Orta sınıflaşmanın arttığı ortamda tüketim harcamaları kaçınılmaz
Turhan, milli gelir bu kadar hızlı artarken Türkiye'de orta sınıfın gelişmesinin bununla paralel olarak cereyan ettiğinin görüldüğünü belirterek, sözlerine şöyle devam etti:
"Bu güzel bir şey. Orta sınıf ekonominin güvenilirliği, sağlamlığı ve istikrarı için olmazsa olmaz bir unsurdur. Orta sınıflaşmanın bu kadar hızlı olduğu dönemde tüketim harcamalarının artması kaçınılmazdır. 1990'lı yılların başında Türkiye'de kentsel bölgelerde yaşayan nüfusun toplam nüfusa oranı yüzde 55 civarındaydı, bu oran yüzde 85'e ulaşmış durumdadır. 20 yıl gibi kısa bir dönemde ciddi bir kentleşme yaşadığımızı görüyoruz. Bu da orta sınıflaşmasının göstergesidir. İç talep tabii ki güzel ama iç talebin fazla hızlanmasının sakıncalarını da hep beraber görüyoruz. Bizim gerçekleştirmek durumunda olduğumuz yatırımları sadece yurt içi tasarruflarla sadece finanse etmemiz mümkün değil, yurt içi tasarrufların da sadece geleneksel bankacılık finansmanı yoluyla gerçekleşmesi mümkün olmayacak. Bizim hem küresel tasarrufları cezbetmemiz hem de tasarrufların reel ekonomiye aktarılma mekanizmalarını çeşitlendirmemiz lazım. Bugün itibariyle yüzde 85 oranında bankacılık aracılığıyla gerçekleşen finansal aracılık sistemi ile bizim mevcut Türkiye'ye bir buçuk Türkiye'ye eklemek kolay olmayacaktır."

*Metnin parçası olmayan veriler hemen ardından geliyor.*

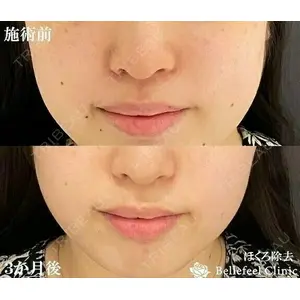 Bellefeel Clinic 代官山 兵藤 秀忠 医師の症例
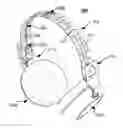 Fig. 01 - Headband for a pair of headphones, a corresponding pair of headphones and a method of providing the headband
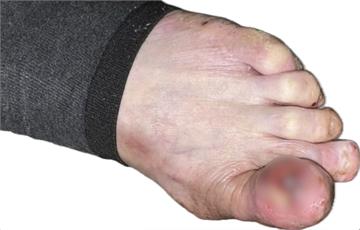 腳趾紅腫、化膿一年多難穿鞋   婦人「惡癌」錯當甲溝炎險丟命！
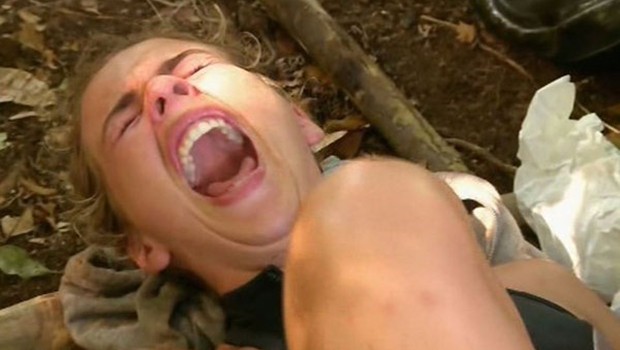 Survivor'da Şok Eden Kaza!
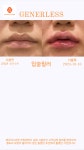 제너리스의원 부천점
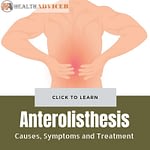 Anterolisthesis Causes treatment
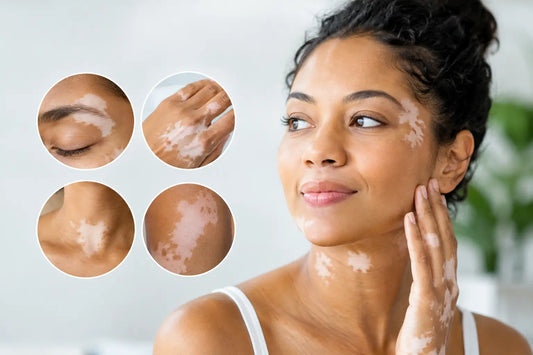 Which Vitiligo Areas Respond First to Care?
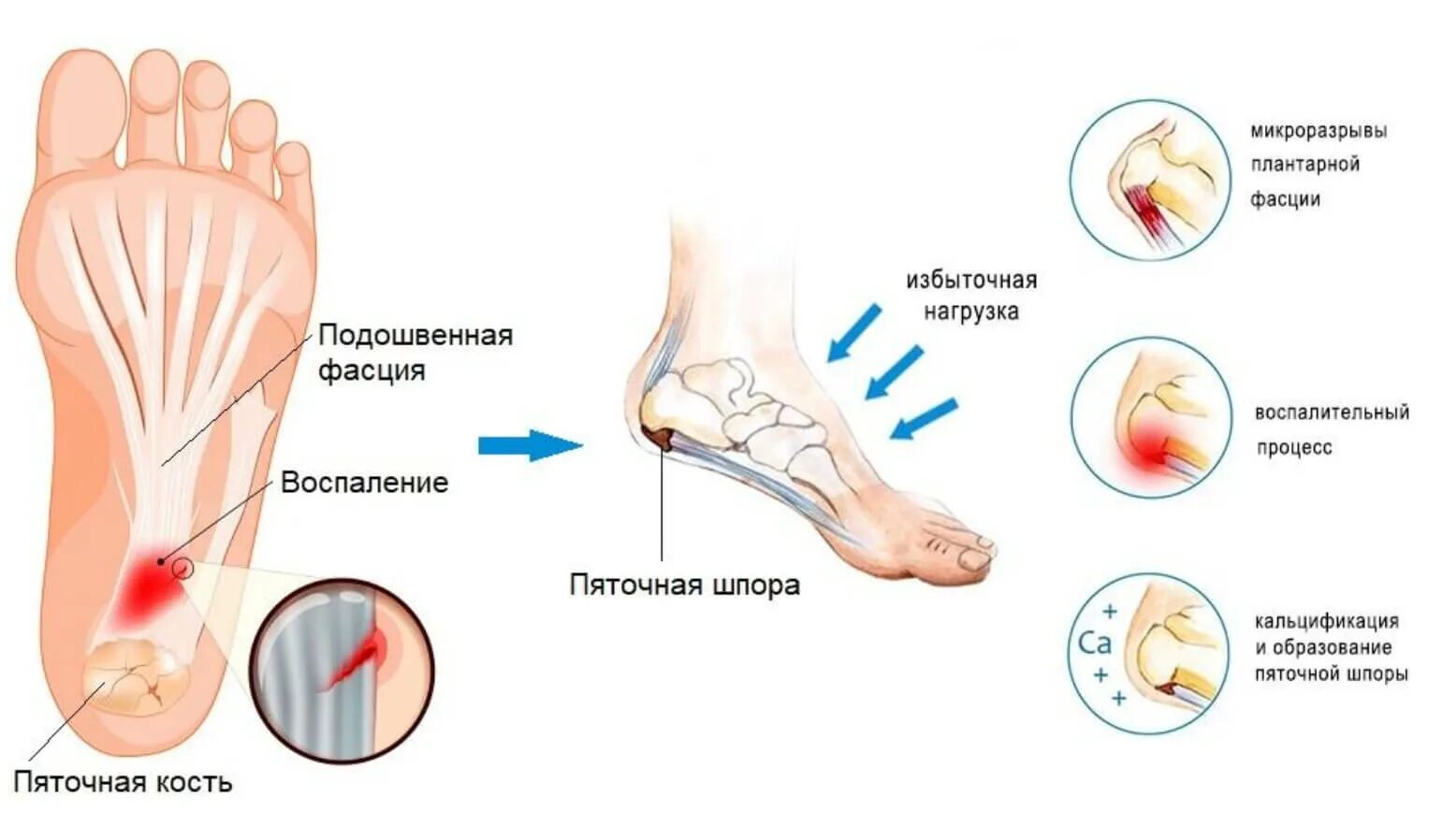 Подошвенная пяточная шпора. Пяточная шпора и подошвенный фасциит. Болят пятки чем лечить в домашних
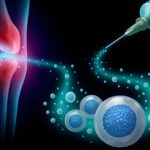 Stem Cell Therapy for Joint Injections: Expert Insights From Dr. Derek Morrison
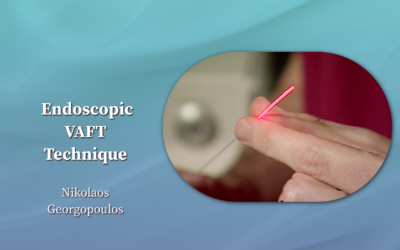Perianal Fistulas – Endoscopic VAFT Technique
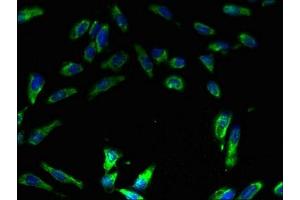 Immunofluorescent analysis of Hela cells using ABIN7175250 at dilution of 1:100 and Alexa Fluor 488-congugated AffiniPure Goat Anti-Rabbit IgG(H+L) (ATP6V1E1 antibody  (AA 2-224))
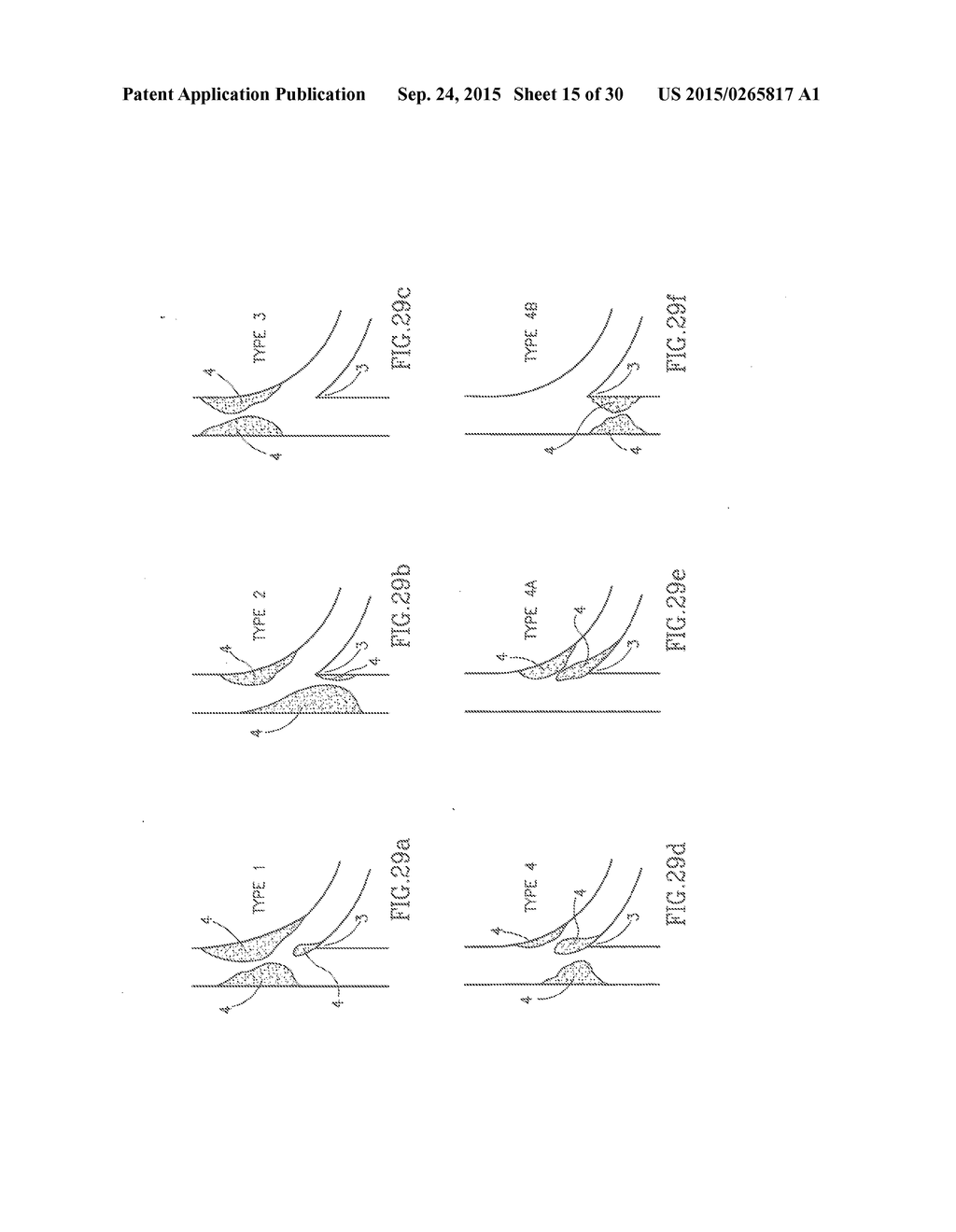 Positioning Device For Ostial Lesions - diagram, schematic, and image 16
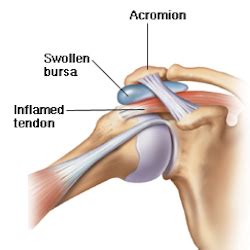 Shoulder Tendinitis Causes & Treatment | Cleveland Clinic: Health Library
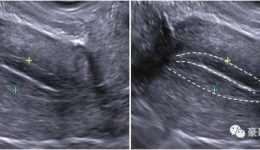 A型子宫内膜、内膜三线征与胚胎着床
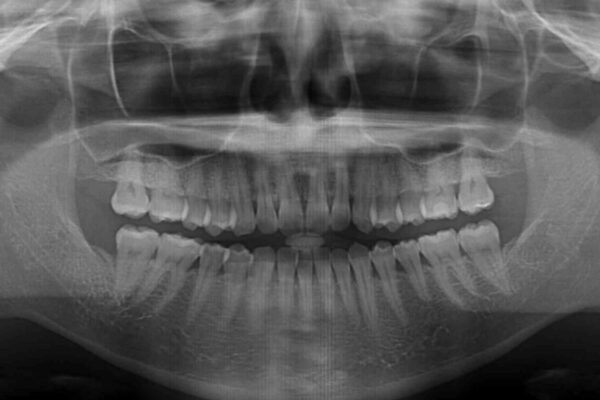 【モニター】前歯のデコボコをインビザラインで改善 治療前画像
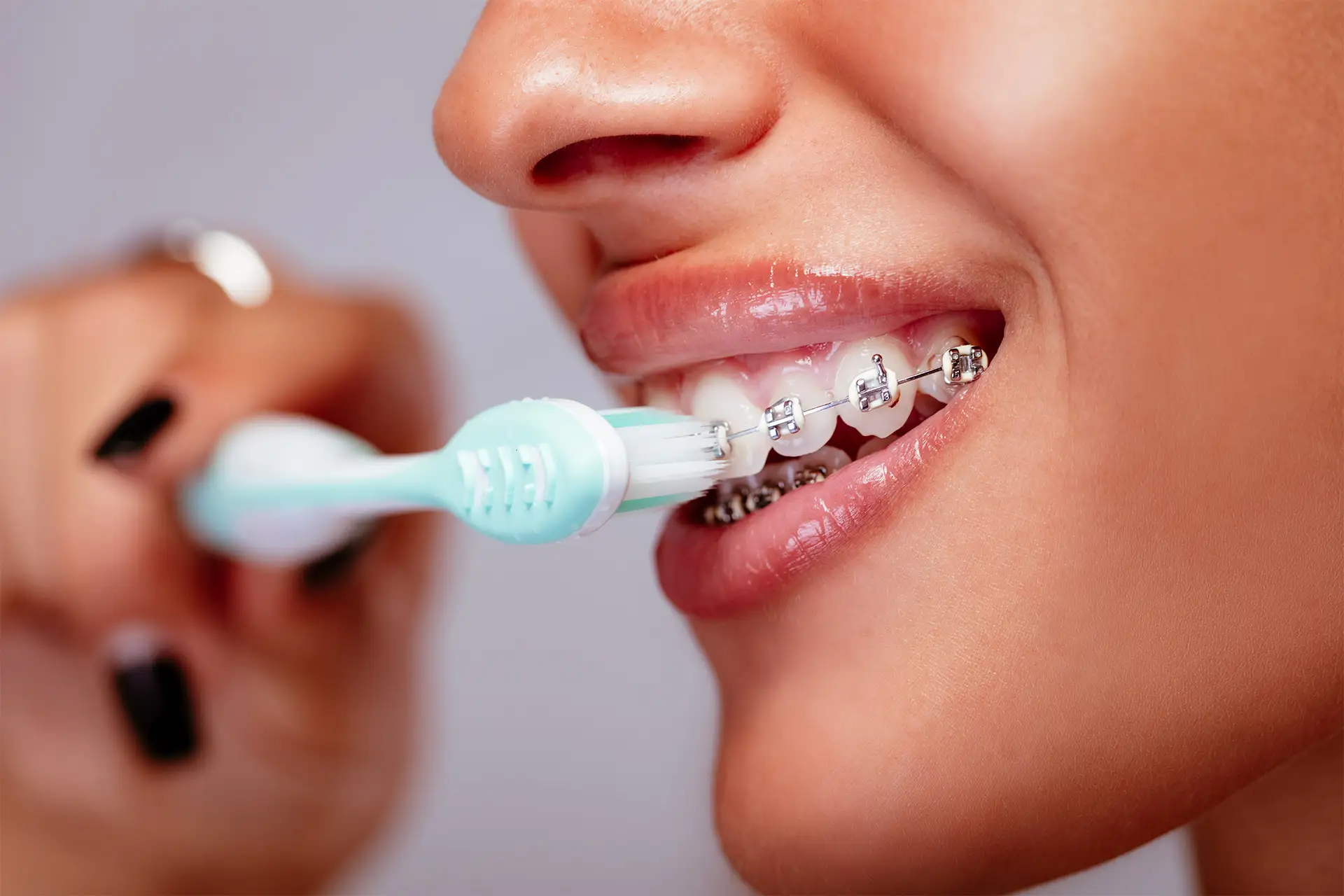 Donna sorridente con apparecchio dentale che si lava i denti dopo aver sostenuto trattamenti odontoiatrici nello studio odontoiatrico Maurizio Giussani a Milano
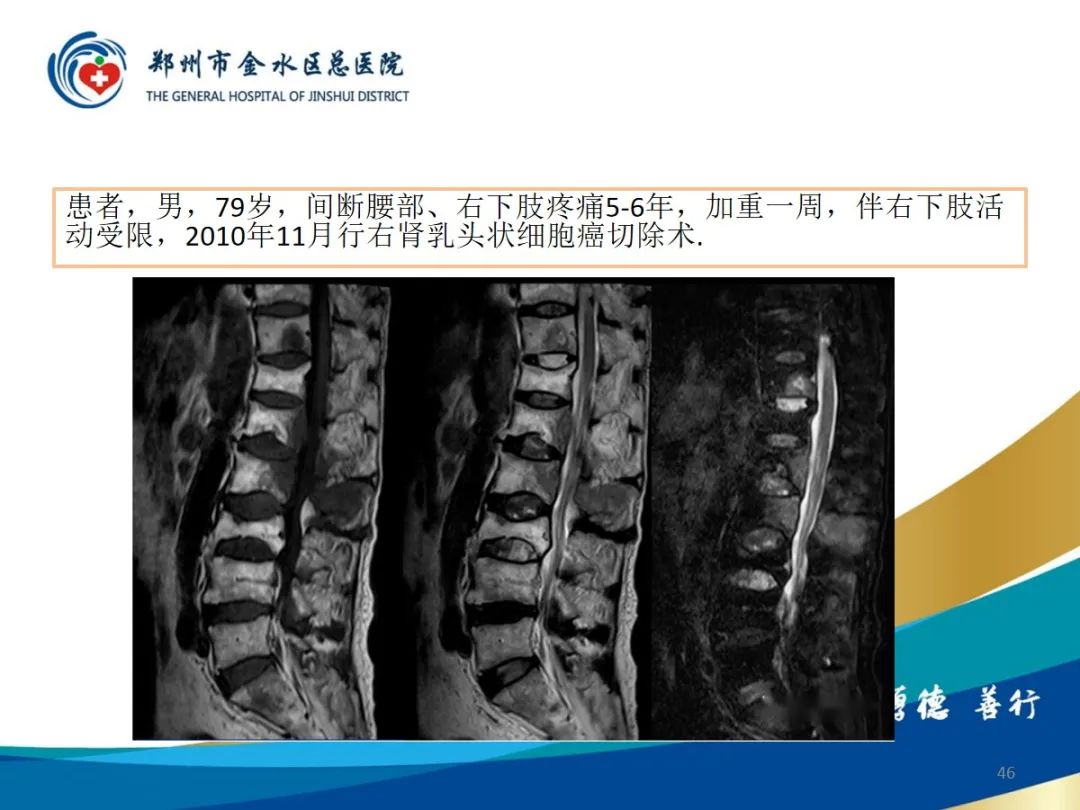 影像PPT - 【PPT】布鲁氏杆菌脊柱炎-46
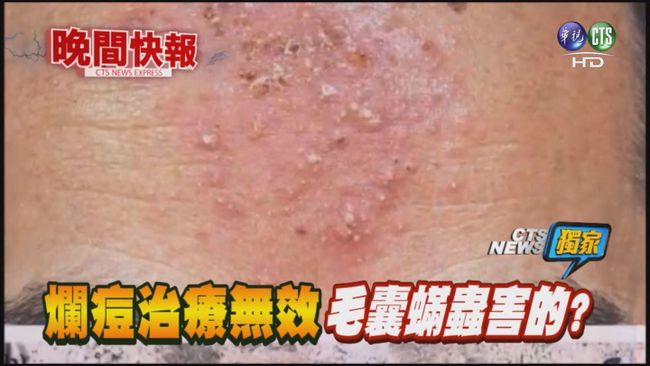 【晚間搶先報】獨!爛痘治療無效 毛囊蟎蟲害的? | 華視新聞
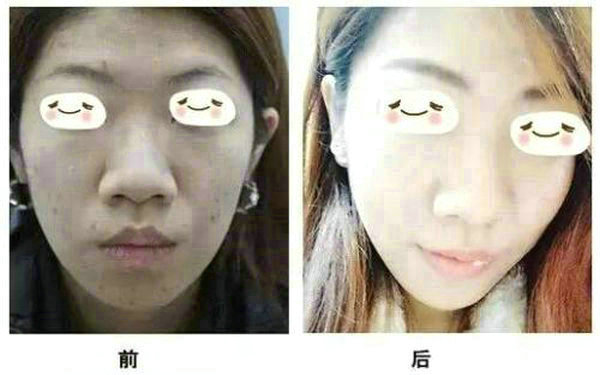 面部抽脂后注意事项?
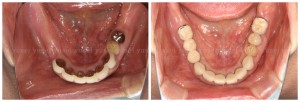 両側の臼歯部にインプラントを埋入し、全顎的な治療を行うことになった症例_03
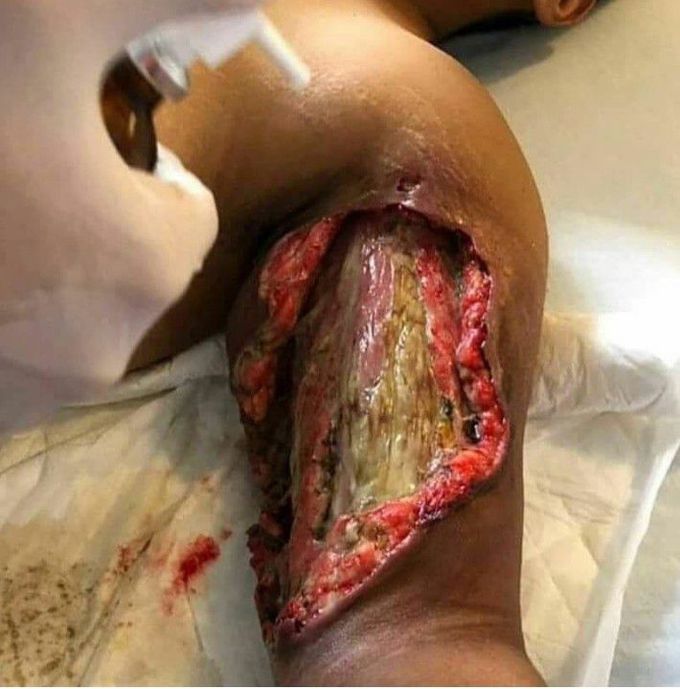 Necrotizing Faciitis...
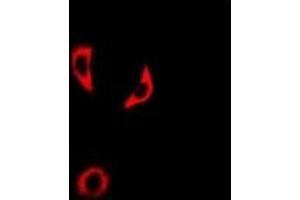 Immunofluorescent analysis of IL-18BP staining in A549 cells. (IL18BP antibody)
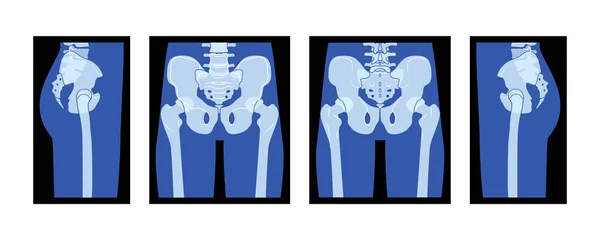 X線骨盤と女性のスケルトンヒップ人間の体骨大人の人々の後ろ側のビューにRoentgenフロントのセット 3Dリアルなフラットブルーカラーコンセプト黒で隔離された医学解剖学のベクトルイラスト — ストックベクタ
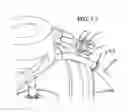 Fig. 52 - Method for collecting a desired blood component and performing a photopheresis treatment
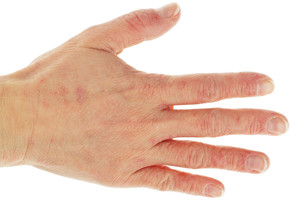 Pasitikrinkite: keli požymiai byloja, kad jūsų organizmui trūksta mirtinai svarbaus dalyko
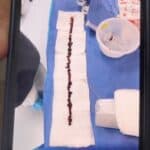 ČUDOVIŠTE! Lekari izvadili krvni ugrušak dugačak 25 cm iz VAKCINISANOG PACIJENTA (Foto)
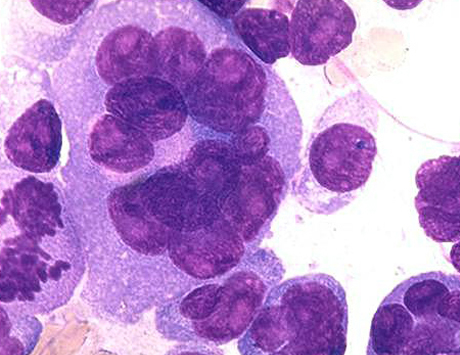 Nowe możliwości terapii chorych na szpiczaka z opornością na bortezomib i leki immunomodulujące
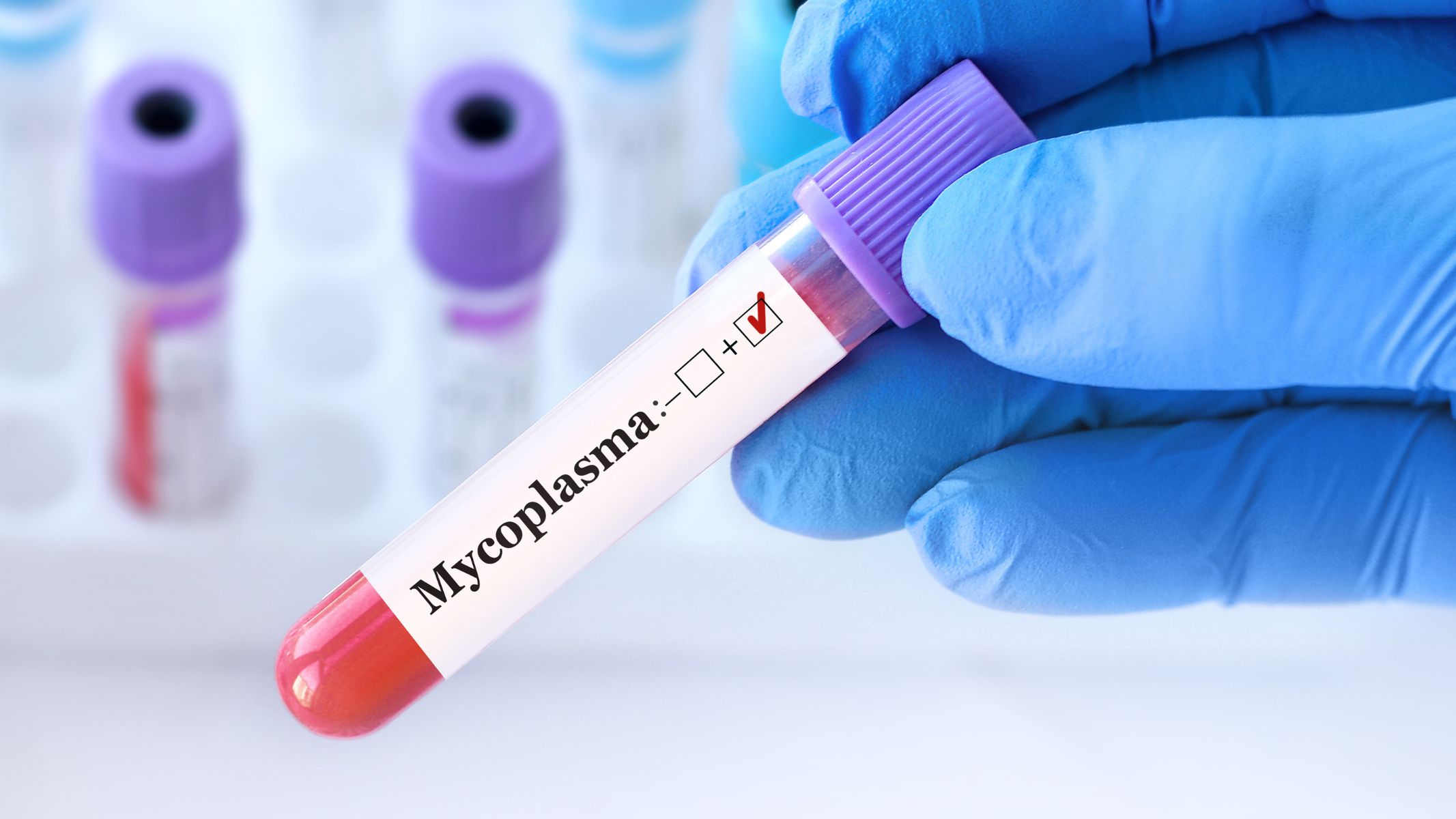 Kết quả dương tính không đồng nghĩa với bệnh lý nghiêm trọng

Turhan, uluslararası gelişmeler ve düzenlemeler anlamında bankacılık işlem, aracılık ve sermaye maliyetlerinin değerlendirildiğinde, Türkiye'deki bankacılığın başarısının devam edeceğinden kuşku duymadığını ifade ederek, "Ancak bankacılığımıza destek olacak sermaye piyasalarının devreye girmesinin zamanı geldiğini görüyoruz. Halka arz bu bakımdan da çok önemli bir yere sahiptir. Sermaye piyasaları ne olursanız olun gelebileceğiniz, sağlıklı, uygun koşullarda, uzun perspektifli güvenilir finansmana erişebileceğiniz alanlardır" diye konuştu.